_Work instructions_
Restate word for word the lines below from the one that has "listView1.Item" through the one that has "사진 클라우드 백업 방법", keeping both and dropping all pictures.

_Data_

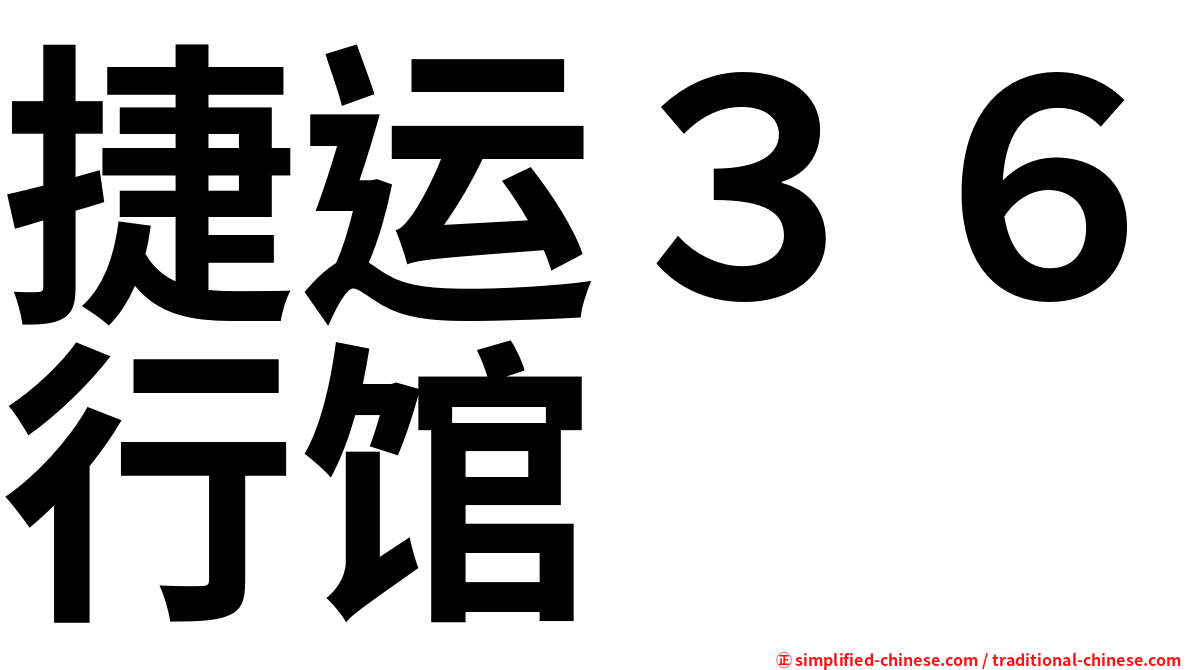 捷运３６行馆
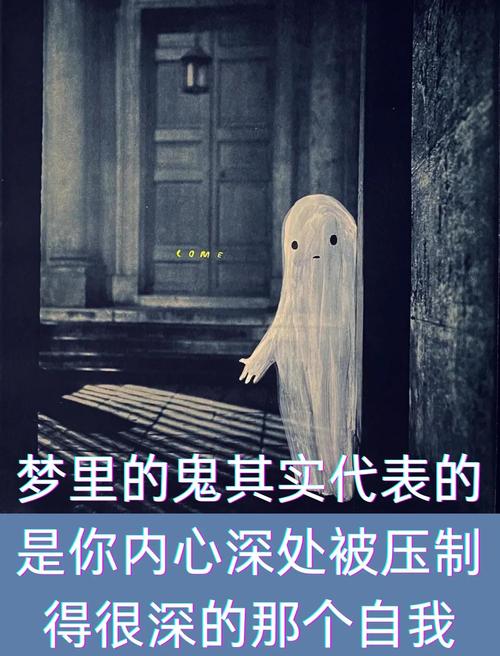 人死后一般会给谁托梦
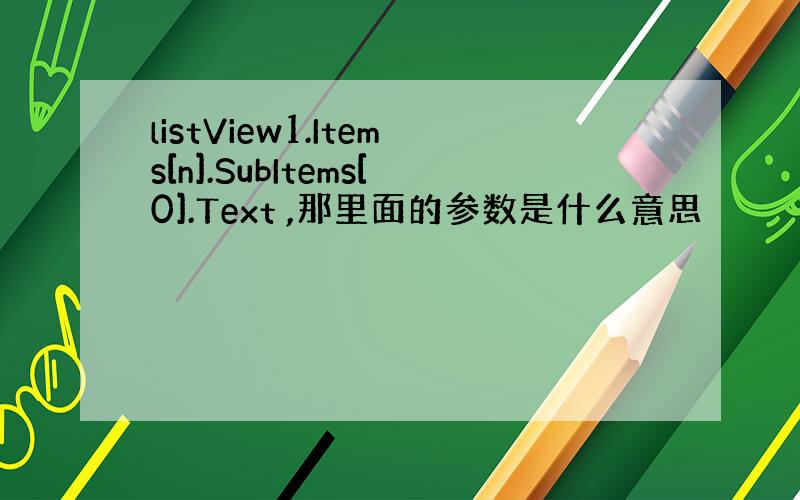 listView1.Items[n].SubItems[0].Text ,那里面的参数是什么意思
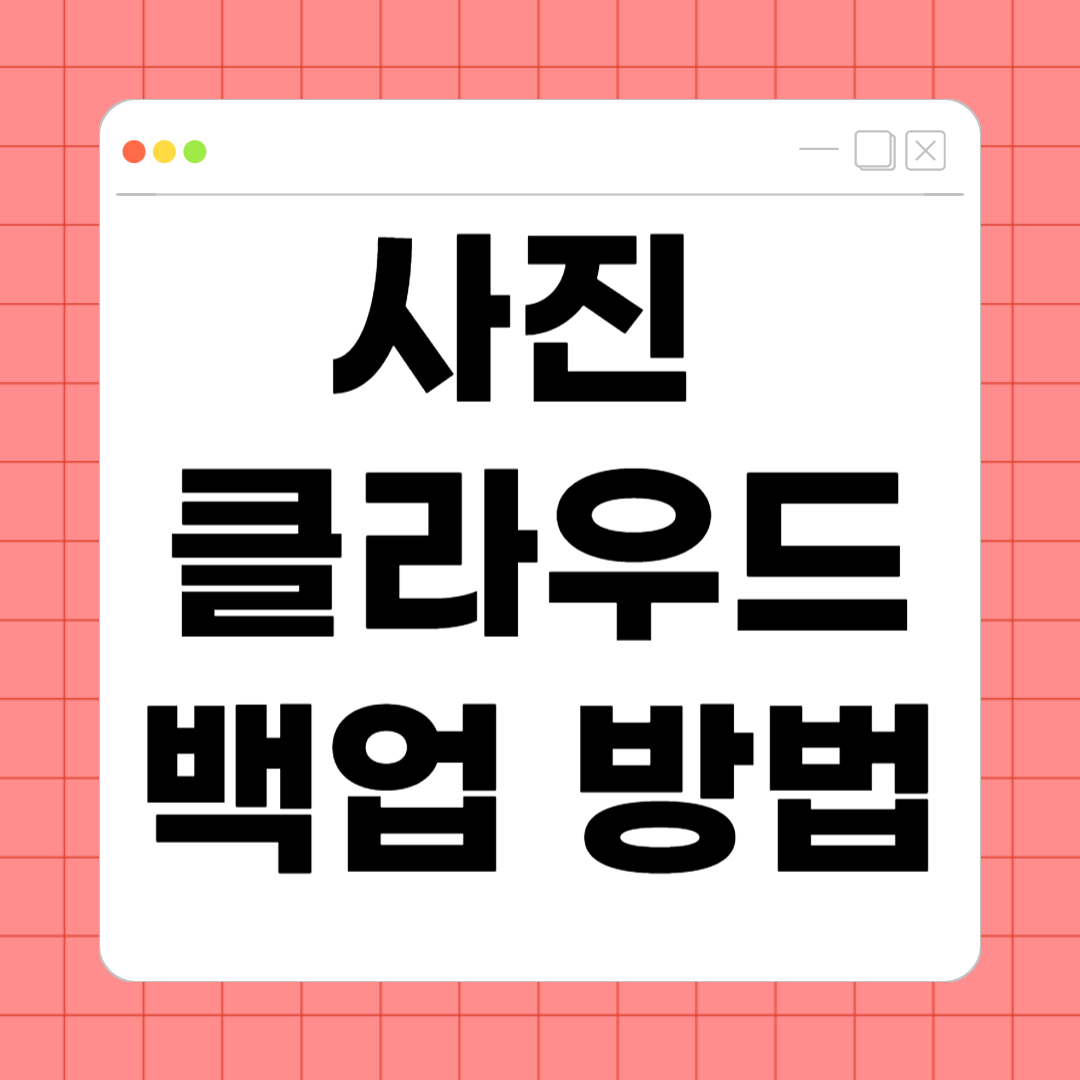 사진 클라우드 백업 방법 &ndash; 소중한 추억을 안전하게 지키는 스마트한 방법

* * *

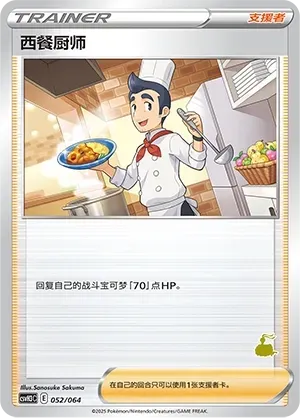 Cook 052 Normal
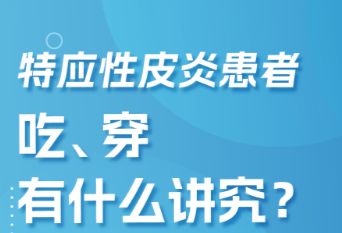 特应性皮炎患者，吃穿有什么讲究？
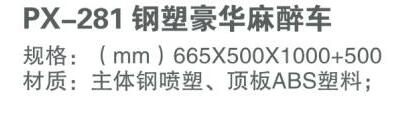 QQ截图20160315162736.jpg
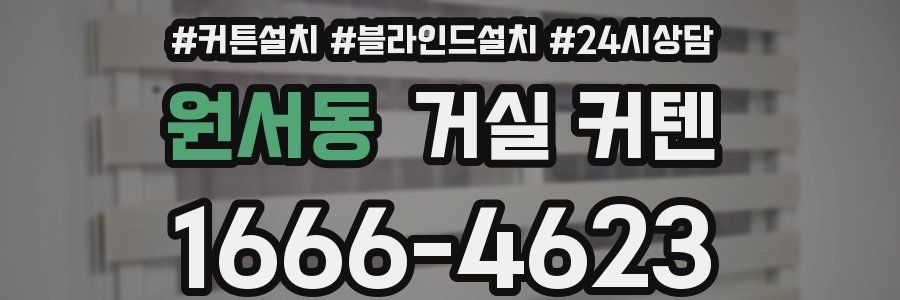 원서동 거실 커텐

_Result for this task_
 listView1.Items[n].SubItems[0].Text ,那里面的参数是什么意思
 사진 클라우드 백업 방법 &ndash; 소중한 추억을 안전하게 지키는 스마트한 방법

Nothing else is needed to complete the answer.